Thirty Years Ago, Homer Simpson Entered The Third Dimension

homer simpson

On October 29, 1995, the third segment of The Simpsons’ Treehouse of Horror VI went where no prime-time cartoon had gone before…CGI. Homer entering “THE THIRD DIMENSION” and wandering around a green grid with bouncing primitive shapes was seen as a very breathtaking, expensive stunt to mid-90s eyeballs. EW.com just published an extensive write-up of the making of the Homer3 short, and here’s everything we learned about how it was done.

You have to realize what the state of computer animation was in 1995…very young. CGI animation was just starting to become possible for movies and TV shows. There was ReBoot in September 1994, VeggieTales in December 1993, and Toy Story a month from now…and that was it. For the most part, you just didn’t see it outside of expensive photo-realistic shots in high-budget features.
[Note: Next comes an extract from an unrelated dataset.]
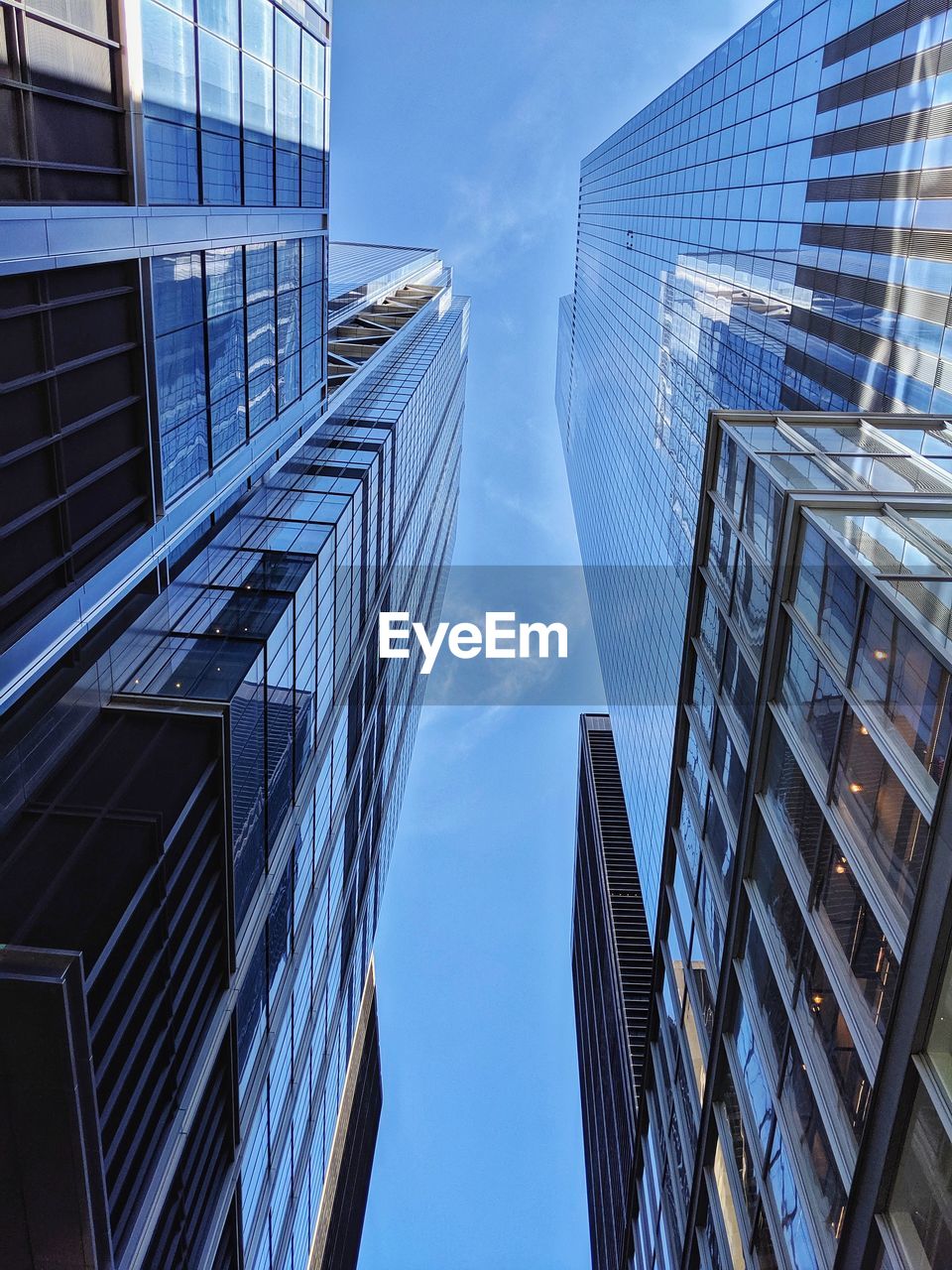 Low angle view of modern buildings against sky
And what The Simpsons was asking for was a step above Canadian blue people or talking tomatoes — they needed fully formed 2D cartoon characters to be rendered in 3D, with total accuracy. It needed to be unmistakably Homer from every angle, even angles that were never seen. This hadn’t really been done before.

They contacted the big boys — Pacific Data Images, a company that had been crafting computer graphics since it was first possible. The T-1000 was their creation. Their render farms were as advanced as CGI got at the time. PDI was asked to create four minutes of animation for The Simpsons, on a tight deadline, and with a major catch: the show couldn’t really pay them what that animation was worth.

PDI agreed to do it, and accepted the paltry sum of around $6000 for renderings that cost hundreds of thousands of dollars. Why eat the cost? The real value for PDI was in exposure. The Simpsons was a huge show, and their animation had never been given such a public focus before. Doing this gig could lead to greater opportunities…and it indeed did, as PDI was bought by Dreamworks a short time later and were responsible for animating the first Shrek.

PDI could only animate two characters in the time they were given, so that’s what was boarded. Homer carried most of the sequence solo and then Bart came in at the end. The writers thought of a 3D scene for Flanders, but the computer boys refused. “In Homer’s case, he had one zig-zagging line for hair. And in Bart’s case, it was some type of atomic Brillo pad on top. But if we had to do Ned’s mustache, I think it would’ve killed us.”

As for the ending, where Homer crosses over into the “real” world, they originally planned to use somebody in a Homer suit, because they didn’t know the CG Homer could be superimposed over real footage (I said this was early, didn’t I?) PDI informed them they could do it, and a section of Ventura Boulevard was shut down to quickly film a tennis ball on a string being carried by a crane out of frame. Painting out visual markers is par for the course now, but PDI was worried…so a retake was shot where someone just walked out of frame and made noise so the extras would know to turn their heads. That take was used.

And no, there was no “Erotic Cakes” business…that was the writers’ naughty invention. It was a photography studio they briefly took over with their own neon sign…which still exists today, in the window of the writers’ room, though it has long since quit working.